# Top Recommended Pre-1650 Works (TC Voting)



## Albert7 (Nov 16, 2014)

Now that the Top Recommended Post-1950 Works voting thread is well under way, I think that this would be a wonderful time to explore another area of classical music that some people (including me) are not familiar with. Plus there is a richness during this era before J.S. Bach crashed onto the scene that is worth checking out.

Thoughts on this voting proof of concept?


----------



## Skilmarilion (Apr 6, 2013)

If this is to be done, it may as well be pre-1700. That way you salvage an extra 50 years whilst still keeping Bach, Viv and Handel out essentially.


----------



## Proms Fanatic (Nov 23, 2014)

I don't think I know any works from this period so I'd be fascinated to see what people suggest!


----------



## Nereffid (Feb 6, 2013)

I'd love to be involved in this, but for God's sake, before any such project should start, participants need to come up with a sensible way of voting first. If it's like the post-1950 project I'm not interested.
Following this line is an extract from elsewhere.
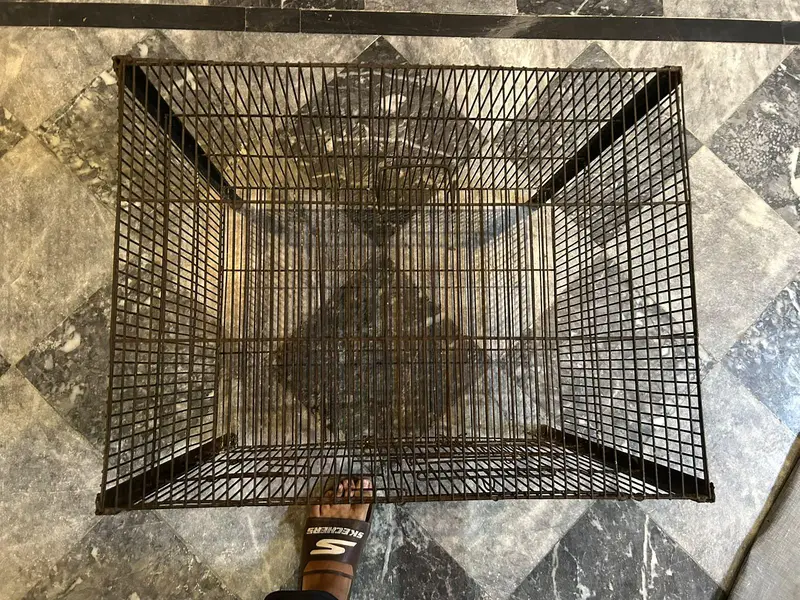 Big black cage for parrot,rabbit,pigon,and other bird — photo 6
The nomination/vote style of other recent lists isn't too bad, but for me the problem is that in nominating works you have to think about both your own preferences and support other people, while also imposing a numerical order: there's too much to be achieved in one action.
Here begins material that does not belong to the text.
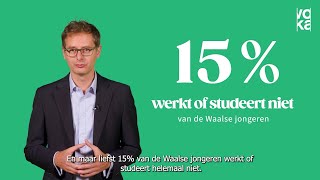 Vlaanderen vs Wallonië onderwijs [upl. by Frissell]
My suggestion is that first the project should involve a proper, informed discussion of what composers and specific works should be considered, and the production of an initial longlist to work from in some way. Otherwise such a diffuse subject runs the risk of being decided by whims. For example, someone picks the one Perotin piece they know, and that ends up being the only Perotin piece on the list solely because it's the one that got chosen first.


And I agree with Skilmarillion, a pre-1700 list makes sense, although perhaps a pre-Baroque (ie, pre-1600ish) might be preferable (which is predicated on there eventually being a Baroque list too).


----------



## GreenMamba (Oct 14, 2012)

I agree with Neferrid on trying a new voting scheme. 

You could choose to dispense with ranking order and just aim for a list of 100 or 150 works, in which case you probably have more leeway. You wouldn't worry so much whether you are hitting the "greatest" works first, and could more easily focus on one composer at a time. 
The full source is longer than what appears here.